It helps. Coming across reads like this, for not long ago we worked on such archaic systems. Reminded me of the time when I downloaded my first version of the Linux Kernel on a dial-up connection—took me a whole of 2 days! Question marks? Yesterday, I came across folklore.org, which is a sort of journal, dating back to the 1980s, documenting the early days of the development of the first Macintosh—the Apple before Apple, days when 7-inch displays were norm, 256 × 256 bitmapped array buffers were looked upon with envy, and a monochromatic screen producing a whole series of black and white “hello”s elicited a “whoa!” from even Steve Jobs. Literally. Ironically, I came across this series of posts while reading a review on Ars Technica of Apple’s newest offering—the Leopard.
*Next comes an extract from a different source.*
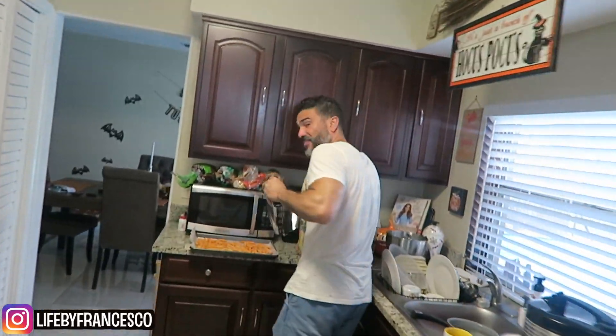Hey guys, welcome back to another vlog. We hope that you enjoyed the Salem vlog because that was the last one I posted. We had an amazing time in Salem. So in the spirit of missing Salem, Massachusetts, we're making some apple cider donuts today.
And I couldn’t help but think about how far they, we, have come. From the days when a Macintosh producing a sinusoidal waveform on an oscilloscope would be enough to conclude that “the display works brilliantly” to the current norm in Apple OS’es where a reflection is added to just about everything—from the dock icons to the font. And, sometimes, even that is not enough—the poor dock icons are now subjected to both a reflection and a transperency effect. But then that’s an issue for a different post, and if you are looking for the definitive review on the Leopard, I would strongly recommend the above-mentioned Ars Technica review by John Siracusa.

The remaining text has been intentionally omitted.